When I was kid growing up in suburban Detroit, I always knew that there was a salt mine in the center of downtown. There aren't many mines in the middle of urban areas, but one of the many strange things about Detroit is that it had one, or has one, since it's probably still down there, even though it's been closed for 20 years. I think I was sick and missed the 6th grade field trip that would have been the one chance I ever had to see it, but I saw all the big salt crystals that the other kids brought back from it and knew that the trip to the salt mine (like snowmobile safety classes) was one of the key moments of many Michigan children's childhoods.

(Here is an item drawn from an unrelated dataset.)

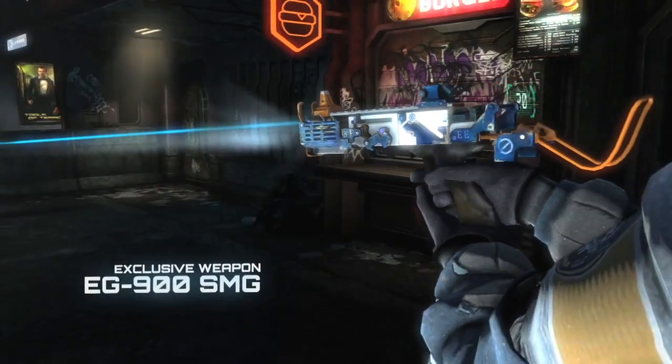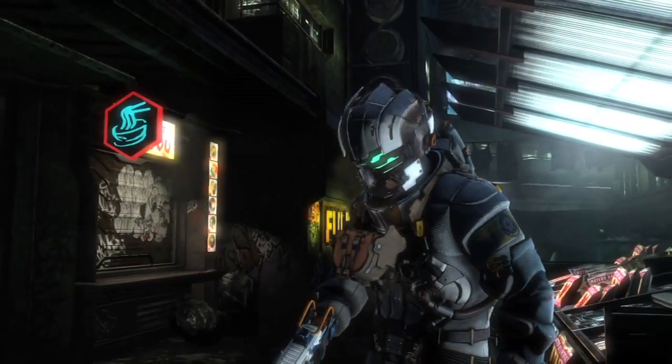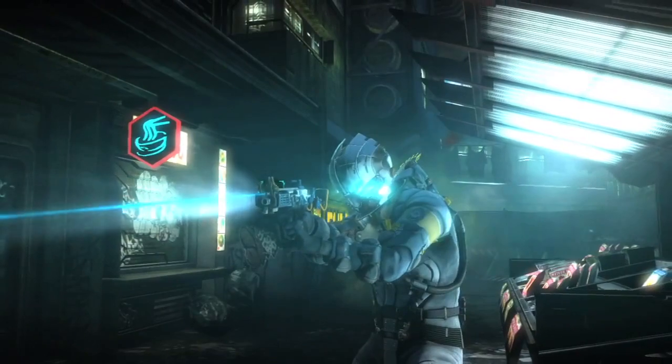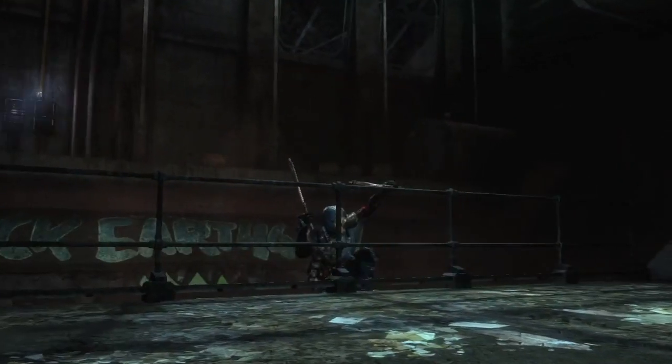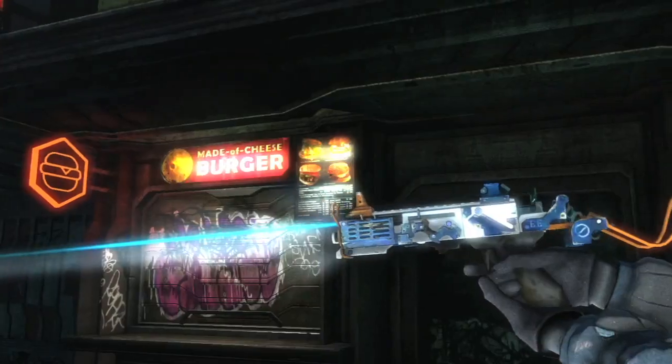The EG-900 submachine gun, a gift from my EarthGov friends. I'm usually more comfortable with mining tools in times like these, but I'm always willing to try out new toys.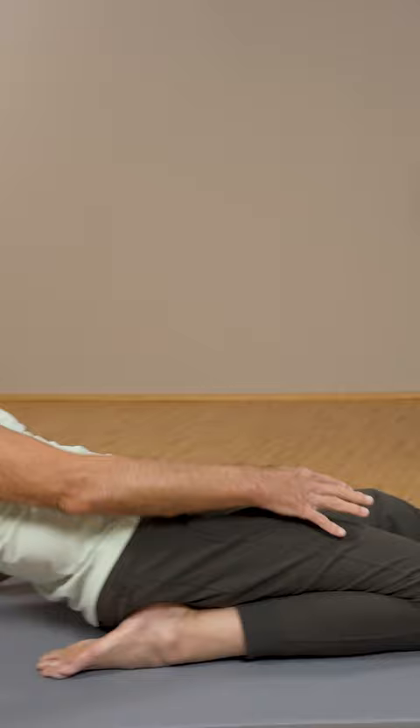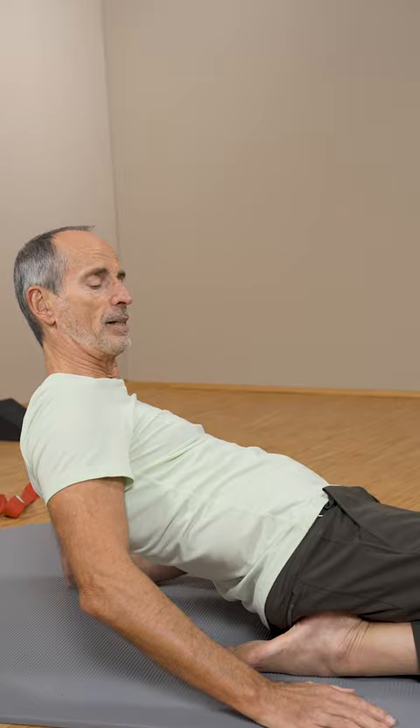Exercise number two: the one-legged heel sit. Build up a lot of tension here, increase for two minutes, always making sure it is still bearable.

What I didn't realize was how the salt mine's operations are actually an interesting example of the kind of negotiation that happen between industry, landowners and city governments when trying to provide a city service based on a low-cost commodity resource. When telling the story to Molly the other day (based on this article), I realized that there are similarities between negotiating the mineral rites for salt and negotiating technology access for municipal Wifi, or any other kind of pervasive technological service. See, radio waves are kind of like minerals in that they don't care about property lines. The pattern of extracting salt in Detroit looks a lot like the pattern of Wifi access nodes. Compare the map above to the one for Spokane, WA:
I don't know if the similarity stops at the look of the maps, or goes deeper into how services that don't stop at property lines work in general, but I think it's an interesting analogy.